Goldman Sachs Q3 Profit Down 44%, But Results Top Estimates

Investment banking major Goldman Sachs Group Inc. (GS) reported Tuesday that net profit for the third quarter declined 44 percent from last year, reflecting a 12 percent drop in net revenues, 17 percent rise in operating expenses and higher provisions for bad loans. However, earnings per share and quarterly revenues topped Analysts’ estimates.

In Tuesday’s pre-market trading, GS is currently trading at $312.00, up $5.29 or 1.72 percent.

“Goldman Sachs’ third quarter results reflect the strength, breadth and diversification of our global franchise. Against the backdrop of uncertainty and volatility in the markets, we continue to prudently manage our resources and remain focused on risk management as we serve our clients,” said Chairman and CEO David Solomon.

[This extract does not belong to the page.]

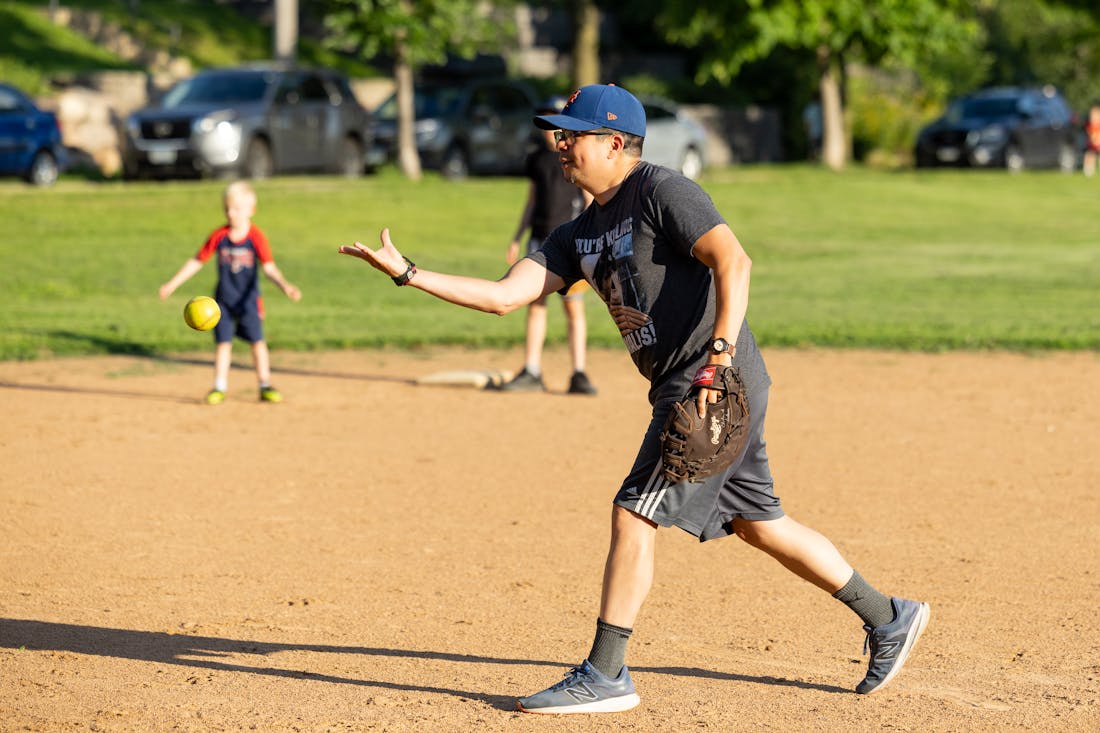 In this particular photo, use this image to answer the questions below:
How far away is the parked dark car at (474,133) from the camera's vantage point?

For the quarter, net earnings applicable to common shareholders declined to $2.96 billion or $8.25 per share from $5.28 billion or $14.93 per share in the prior-year quarter.

On average, 20 analysts polled by Thomson Reuters expected the company to report earnings of $7.69 per share for the quarter. Analysts’ estimates typically exclude special items.

Provision for credit losses for the quarter was $515 million, compared to a $175 million last year, primarily reflected consumer portfolio growth, net chargeoffs and the impact of continued broad concerns on the macroeconomic outlook.

Total operating expenses were $7.70 billion for the quarter, 17 percent higher than last year, reflecting higher compensation and benefits expenses, higher net provisions for litigation and regulatory proceedings and higher transaction based expenses.

Total net revenues for the quarter declined 12 percent to $11.98 billion from $13.61 billion in the same quarter last year, reflecting significantly lower net revenues in Asset Management and Investment Banking, partially offset by higher net revenues in Global Markets and Consumer & Wealth Management. Analysts expected revenue of $11.41 billion for the quarter.

Net interest income grew 31 percent to $2.04 billion, while non-interest income declined 18 percent to $9.93 billion in the year-ago quarter.

Quarterly net revenues in Investment Banking were $1.58 billion, 57 percent lower than last year, reflecting significantly lower net revenues in underwriting, Financial advisory and Corporate lending.

Net revenues in Global Markets were $6.20 billion for the third quarter, up 11 percent from the previous year, primarily reflecting strong performances in both Fixed Income, Currency and Commodities (FICC) and Equities, particularly in financing.

Net revenues in Asset Management were $1.82 billion for the quarter, 20 percent lower than the prior year, reflecting significantly lower net revenues in Equity investments and Lending and debt investments, partially offset by significantly higher Management and other fees.

Net revenues in Consumer & Wealth Management were a record $2.38 billion, 18 percent higher than last year, reflecting a surge consumer banking net revenues.

Firmwide Management and other fees were a record $2.24 billion for the third quarter, 15 percent higher than the last year.

On Monday, the Board of Directors approved a quarterly dividend of $2.50 per common share, payable on December 29, 2022 to common shareholders of record on December 1, 2022.

Goldman Sachs also announced a major reorganization of its business lines, combining the trading and investment-banking divisions. The move would also cause the side-lining of the loss-making consumer unit as well as Marcus, the digital consumer bank.

“Today, we enter the next phase of our growth, introducing a realignment of our businesses that will enable us to further capitalize on the predominant operating model of One Goldman Sachs as we better serve our clients,” Solomon added.